Task » If a record below holds a picture, leave the picture out and copy the rest exactly.

[Caption-style text data]
--*--
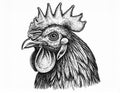 Illustration of rooster head in engraving style. Design element for logo, label, sign Royalty Free Stock Photo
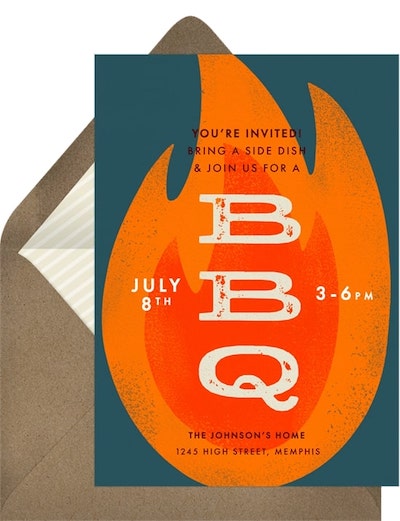 Bold BBQ Flame Invitation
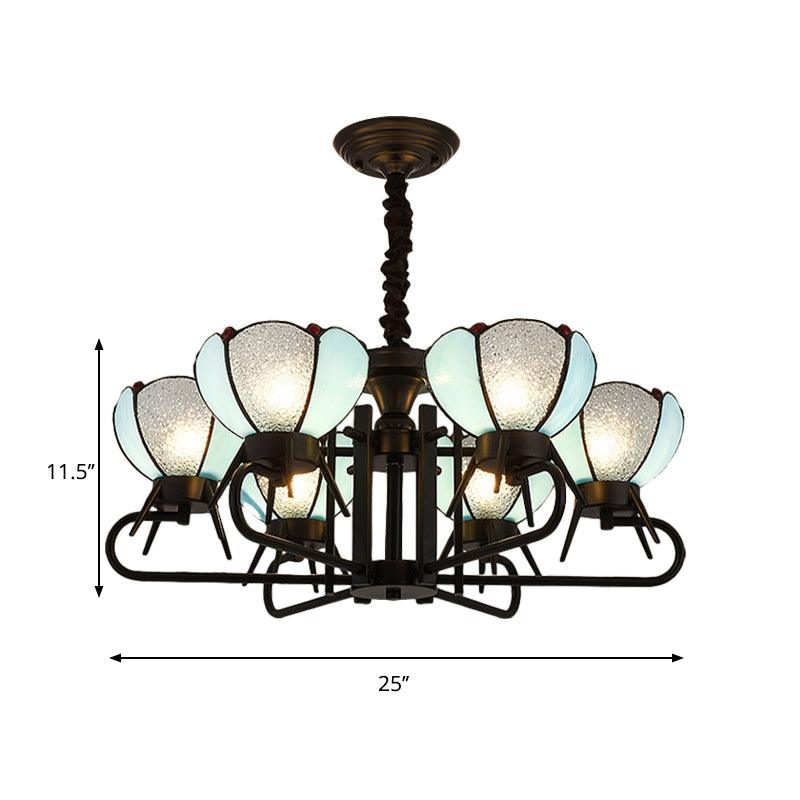 6/8 Lights Bowl Pendant Lighting Adjustable Chain Tiffany Chandelier Lamp in Blue for Foyer - Rebooters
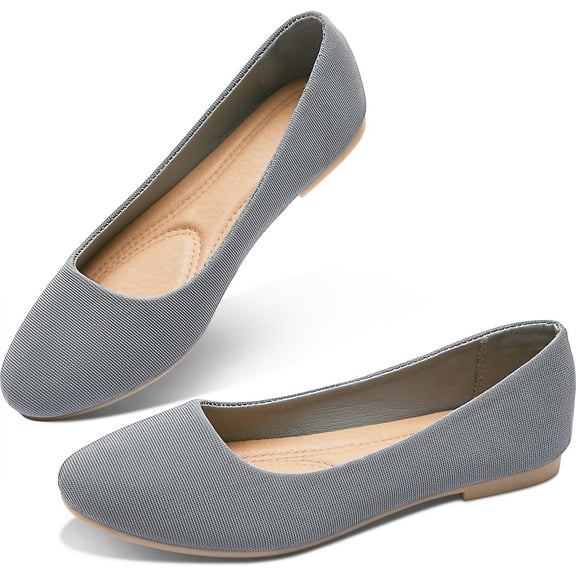 Obtaom Women's Round Toe Ballet Flats,Cute Textile Ballerina Flats,Comfortable Faux Leather Insole Low Heels Dress Shoes For Ladies(Grey US9)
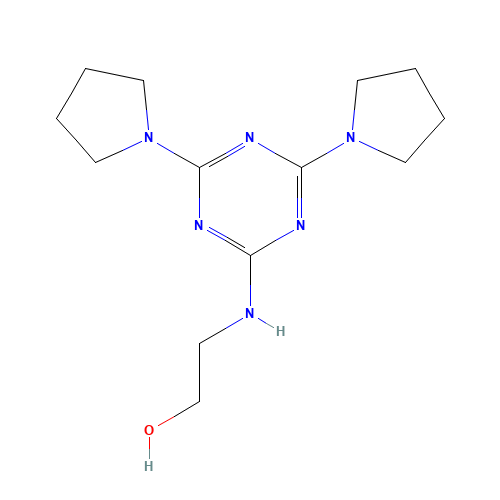 2-((4,6-Di-1-pyrrolidinyl-1,3,5-triazin-2-yl)amino)ethanol (CAS: 401605-51-4) - Chemical Structure and Molecular Formula 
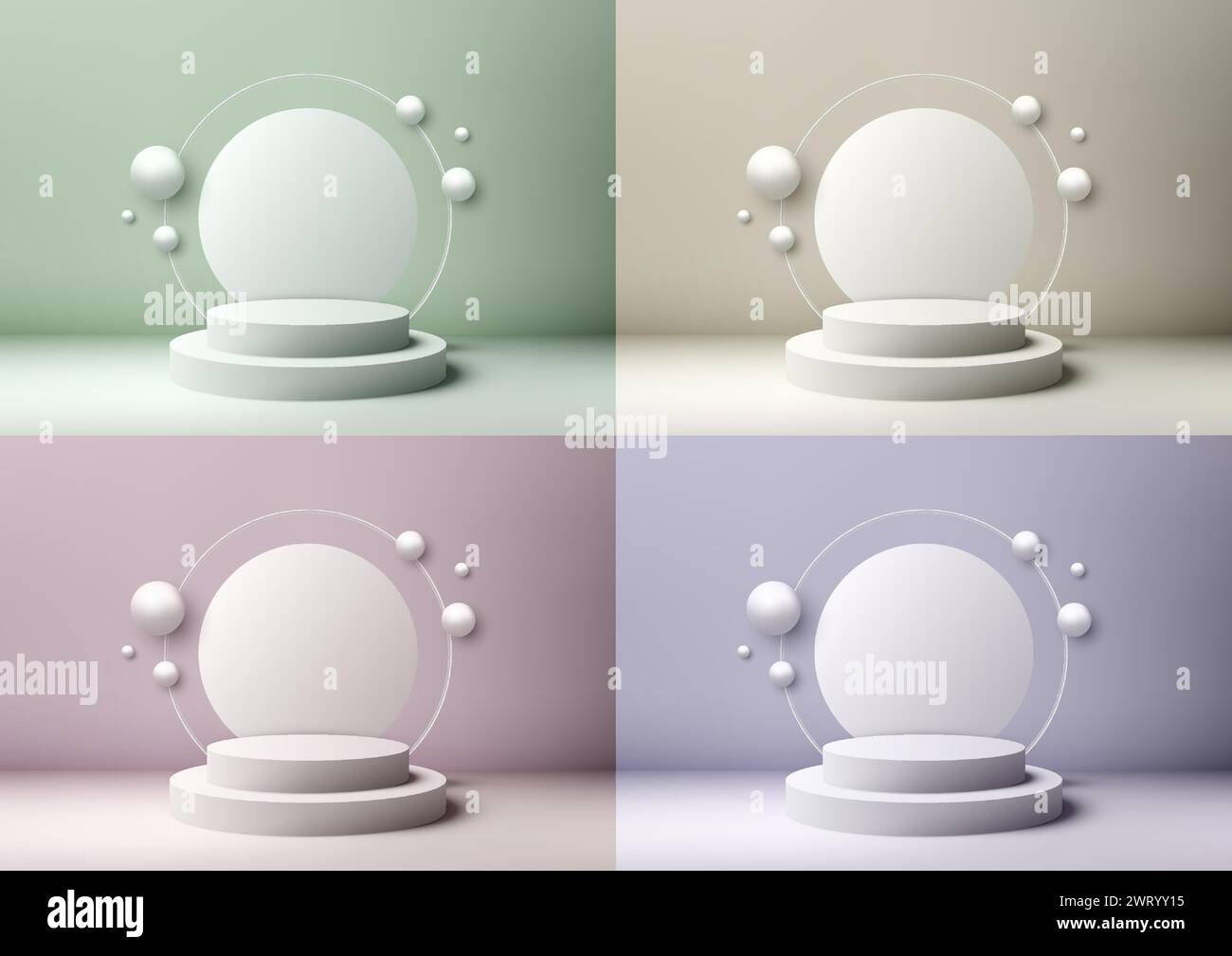 3D White podium mockup with white circle backdrop and sphere elements ...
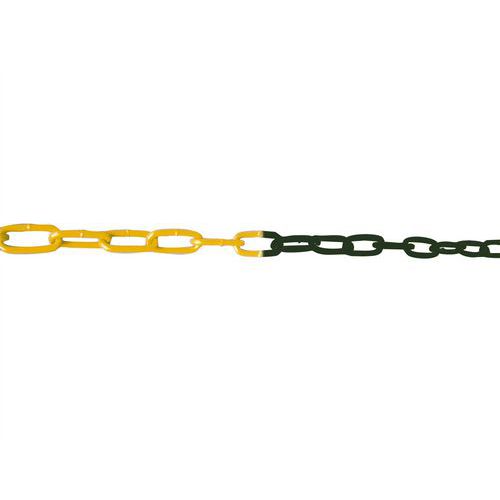Schake - Chaîne de sécurité soudée - 10m x 6mm - Jaune/Noir - Idéale pour chantiers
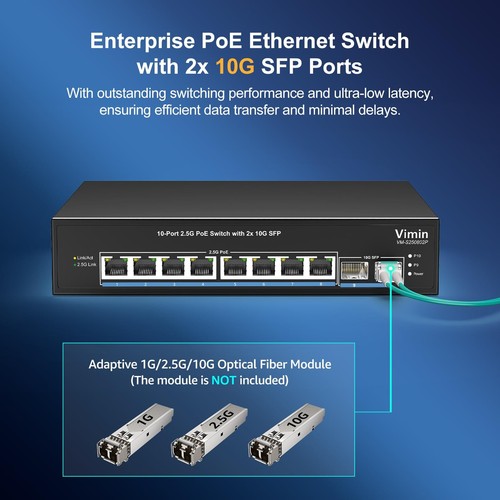 Switch PoE 10 Ports 2.5G Non Géré 8 Ports PoE 2.5G Base-T 2 Ports 10G SFP Swi... - Photo 5/8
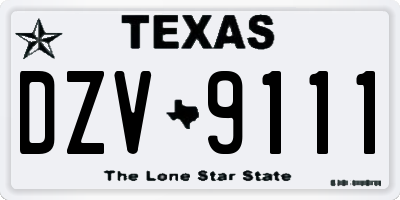 TX license plate DZV9111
--*--
Solution for this task »
 Illustration of rooster head in engraving style. Design element for logo, label, sign Royalty Free Stock Photo
 Bold BBQ Flame Invitation
 6/8 Lights Bowl Pendant Lighting Adjustable Chain Tiffany Chandelier Lamp in Blue for Foyer - Rebooters
 Obtaom Women's Round Toe Ballet Flats,Cute Textile Ballerina Flats,Comfortable Faux Leather Insole Low Heels Dress Shoes For Ladies(Grey US9)
 2-((4,6-Di-1-pyrrolidinyl-1,3,5-triazin-2-yl)amino)ethanol (CAS: 401605-51-4) - Chemical Structure and Molecular Formula 
 3D White podium mockup with white circle backdrop and sphere elements ...
Schake - Chaîne de sécurité soudée - 10m x 6mm - Jaune/Noir - Idéale pour chantiers
 Switch PoE 10 Ports 2.5G Non Géré 8 Ports PoE 2.5G Base-T 2 Ports 10G SFP Swi... - Photo 5/8
 TX license plate DZV9111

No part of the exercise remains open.